Europe’s policymakers, it was alleged, lacked the fortitude to enforce the Maastricht rules or respond decisively to the crisis. David Ignatius, writing in the Washington Post, called Europe “a riderless horse... an economic never-never land,” whose leaders were “trying desperately to avoid the political day of reckoning.”1 The “concise explanation... for such an abject failure,” the Wall Street Journal said, “is that talking is easy, doing is much harder.”2 The Boston Globe suggested that it might be time to acknowledge that the eurozone was “a well intentioned but failed experiment,” doomed by the immaturity of its institutions and leaders.3 Barely contained within these criticisms was self-satisfaction with US federal arrangements, which seemed to do a better job of avoiding overspending by state governments and providing a coherent response to internal economic crises.

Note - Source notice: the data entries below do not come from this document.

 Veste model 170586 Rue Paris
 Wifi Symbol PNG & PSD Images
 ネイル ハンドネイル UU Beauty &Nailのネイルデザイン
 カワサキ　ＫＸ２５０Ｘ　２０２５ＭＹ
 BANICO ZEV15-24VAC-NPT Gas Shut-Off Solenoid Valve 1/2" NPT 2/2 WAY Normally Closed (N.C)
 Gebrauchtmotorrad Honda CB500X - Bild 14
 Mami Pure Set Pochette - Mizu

However, US commentators forgot one important fact: the United States went through a similar crisis early in its own history which was also typified by confusion, delay and discord about the appropriate role of central institutions. This was the crisis of 1837-1848: a series of events that began with the bursting of an asset bubble, followed by a banking collapse, followed next by a depression and defaults by eight of the country’s twenty-six state governments. It was only as a result of this crisis that the United States acquired institutional and political features which make it easier to avoid the difficulties that confront the European Union today.

During this crisis, the United States was thrown into political turmoil so deep that some observers wondered whether the federation would survive. Economic decline threatened civil order and national unity because governments had relied so heavily on economic expansion to paper over fundamental differences between classes and regions about the fair distribution of wealth. Within the states, newly enfranchised voters were reluctant to accept the sacrifices necessary to regain the trust of foreign lenders. In Washington, policymakers were stymied by profound disagreement about the role of federal institutions in fiscal and monetary policy. Stagnation also compromised the ability of central authorities to aid distressed state governments.

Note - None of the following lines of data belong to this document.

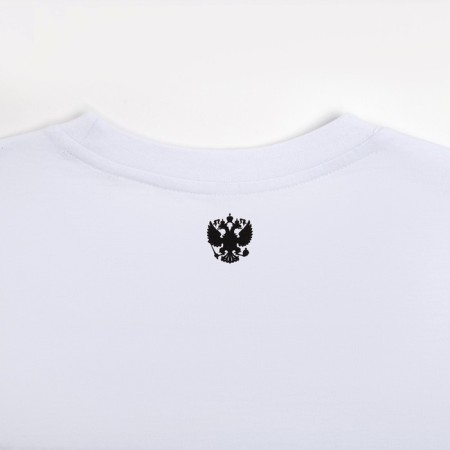 President longslevel, size XL, white color-14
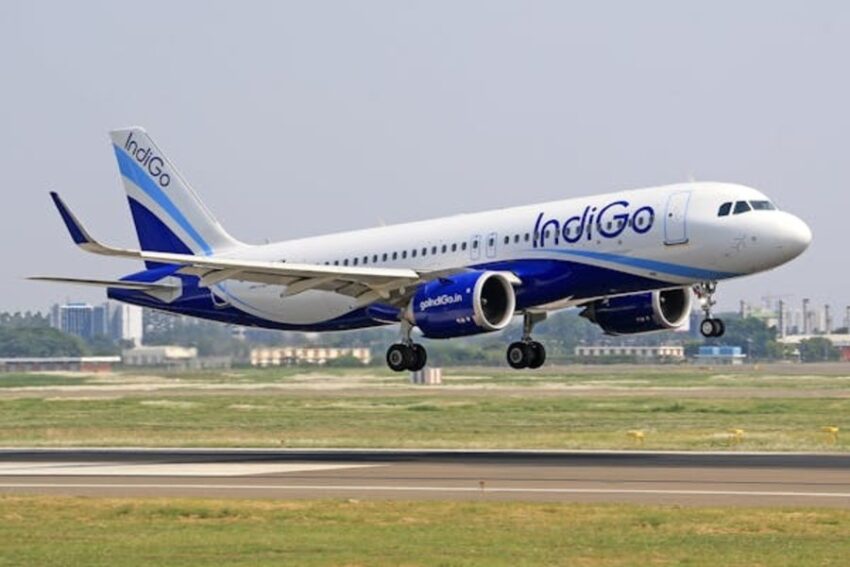 IndiGo Leads The Charge With Unstoppable Measures To Tackle Fog Disruptions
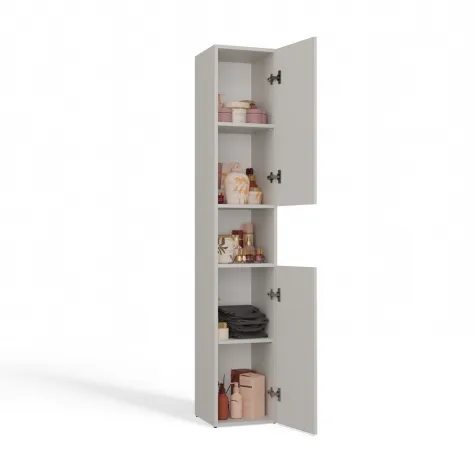 Słupek łazienkowy Nel I KASZMIR-11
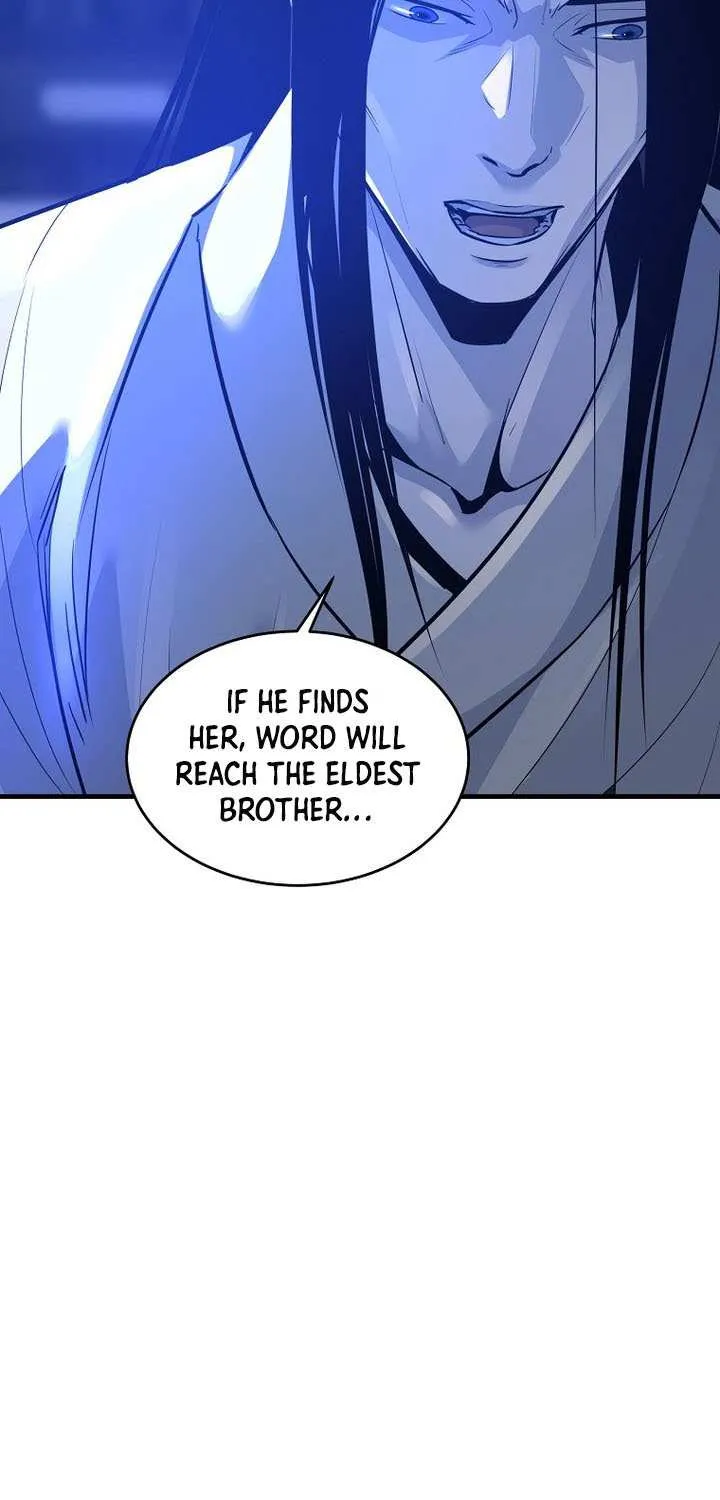 The Best Martial Arts Instructor In The World Chapter 60 page 38 - 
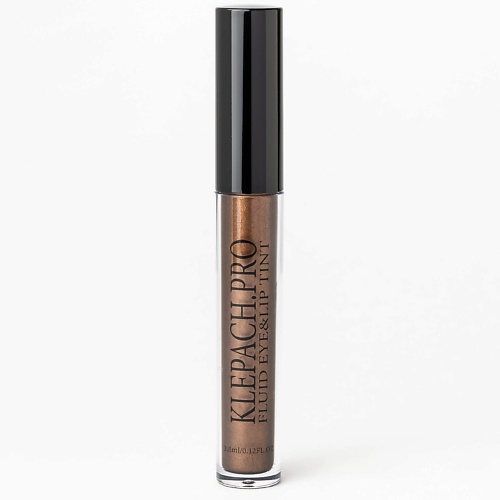 

KLEPACH.PRO Жидкие тени для век сатиновые, Жидкие тени для век сатиновые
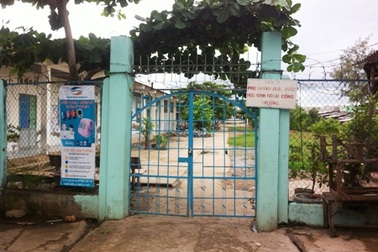 Kỷ luật hiệu trưởng chỉ đạo thu nhiều khoản phí sai quy định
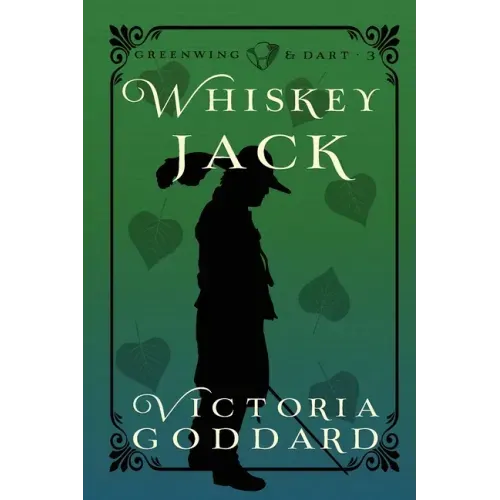 Whiskeyjack - Paperback
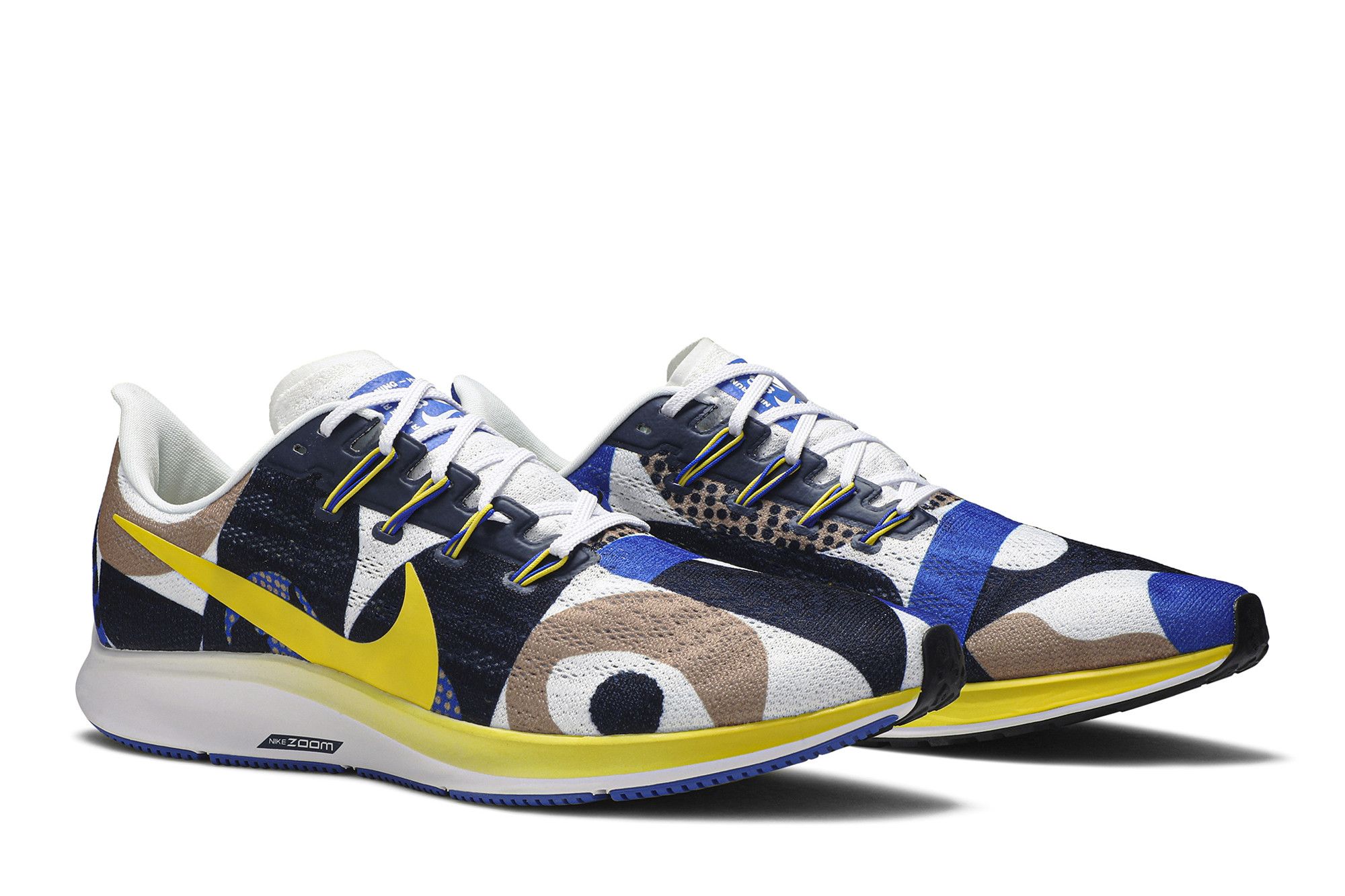 Buy Cody Hudson x Air Zoom Pegasus 36 'Hyper Royal' - CI1723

There are strong commonalities between the American predicament in 1837-1848 and the European Union’s predicament today. In both cases we see relatively young federations struggling to develop institutional arrangements that will produce economic and political stability. In neither case is reform easy, because it demands more than institutional change. It also requires the crafting of a new political settlement under which voters and policymakers are reconciled to the constraints necessary for survival of a federalized and open economy. In the United States, this process was characterized by interminable debate, delay, missteps and reversals. So too, perhaps, in Europe today.

Boom and Collapse

In 1837, the United States had a very open economy that was at the peak of a speculative boom. Growth hinged on the export of a single commodity, cotton, sold primarily to Britain’s rapidly expanding textile industry. American cotton was grown on the vast plantations of the slaveholding South. Other regions depended on the health of the South’s plantation economy. The major cities of the Northeast served as trade and financial centers, managing the flow of goods and capital between Europe and the South. The South also provided a market for the Northeast’s nascent manufacturing sector. In addition, southern plantations provided a market for agricultural products – mainly wheat, corn and livestock – that were grown in Western states and shipped south down the rivers of the Mississippi basin.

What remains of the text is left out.